After that, I start putting scenes together. I start with what I think might be the core of the film. When I have several rough cuts, I have somebody come in. For the last two projects, it was [editor] George Cragg, who is British but works in France. He is wonderful with story arcs. He would watch my rough cuts and start to shuffle them around and offer me different storylines or a different combination of the story—you know, assemble a scene and put the two halves in other parts of the film. That way, we try, with a very fast editing pace, to find where the story is, what doesn’t work, how you can combine storylines. When we feel we have a direction, it’s two weeks that I’ve worked with him, or three, maximum. Then, he goes away. I’m alone again and continue editing. And then, in this case, I had Dana Bunescu come in. Dana is the most prominent editor in Romania. She is, let’s say, the mother of the most important New Wave films. She edited Lăzărescu and 4 Months. So, she is just an editing genius. When I was, pretty much toward the end, with her, we would decide upon what works, what doesn’t work, what is authentic, what is not authentic. She has incredible taste and is somebody who is reducing story to the necessary. She helps me shape it, then she goes away and I spend another two or three months doing the fine cut.

Filmmaker: Can you talk about your work on color correction?

Nanau: I do it already in editing because I’m also shooting. I have a pretty clear idea of where I want to gather the color. So, I already go with the color correction I did in Avid. I go to color correction, but our color corrector is an artist and comes with his vision. Then, we find the best way to have a color that represents the story, that represents the realism of it or whatever we want it to express.

Filmmaker: How did you articulate what the color should be for Collective?

Nanau: It’s very hard to articulate that. It’s always a matter of keeping a balance between something being cinematic—because you build the story for a cinema audience that you want to dive into your film—but still it has to never feel for the viewer as if somebody manipulated color. So, I try to avoid modern looks or what is now “in,” [such as] to have contrast-y footage. Like in photography, I try to keep it in a zone where I feel that’s the representation of that moment. I really try to disappear as a filmmaker in my films. That applies to everything: to the way the camera films, color, sound, the way you use or don’t use music.
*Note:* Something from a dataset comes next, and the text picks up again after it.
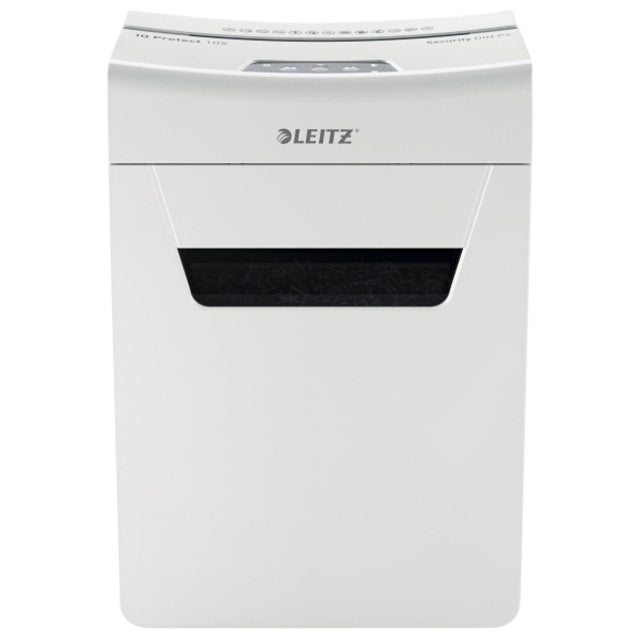 Leitz - Papiervernietiger IQ Protect 10X snippers 4x40mm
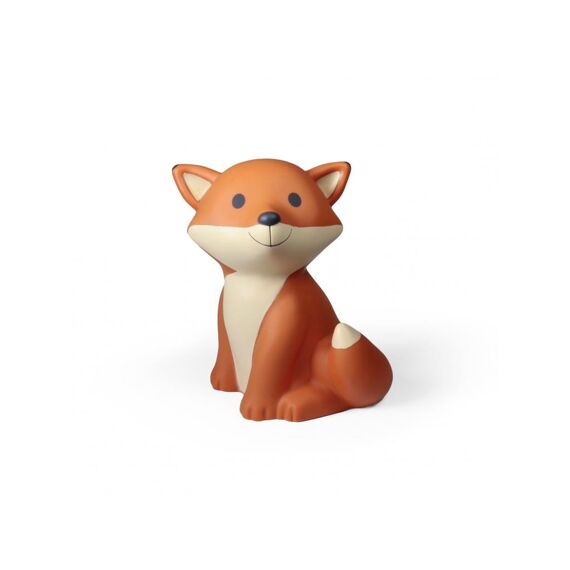 Atelier Pierre Cesar Spaarpot Fox Large 14X10.5Cm Oranje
Filmmaker: I know that Vlad Voiculescu is running for office this summer.

Nanau: He started a campaign. He would like to run for mayor.

Filmmaker: Has there been any discussion from his end about using the film to help his campaign, if he does decide to run?

Nanau: Oh, for sure. It’s a thing we talked about, and we decided very clearly that we should not interfere, in the sense that we are not going to screen the film for his campaign or audiences that he brings in. You know, we just released the film. We’re making it very clear to the press that we filmed in 2016, where we didn’t know what he was going to do. For us, what we filmed is very true, and the character we filmed is very true to what we felt was the story. But that doesn’t mean we are supporters of his campaign because that would be quite unfair coming from a power position with a powerful film. I don’t think that it’s part of the film, and I don’t think it’s our concern. We tried to make people ask themselves questions with the stories we tell. We don’t tell stories in order to tell people what to think.

Filmmaker: I don’t disagree, but I also don’t think that’s ever stopped anybody from trying to use something for their own purposes, regardless of your intent.

Nanau: Yeah, we have a very clear deal we’re not going to mix things up. He understands and is completely fair about it.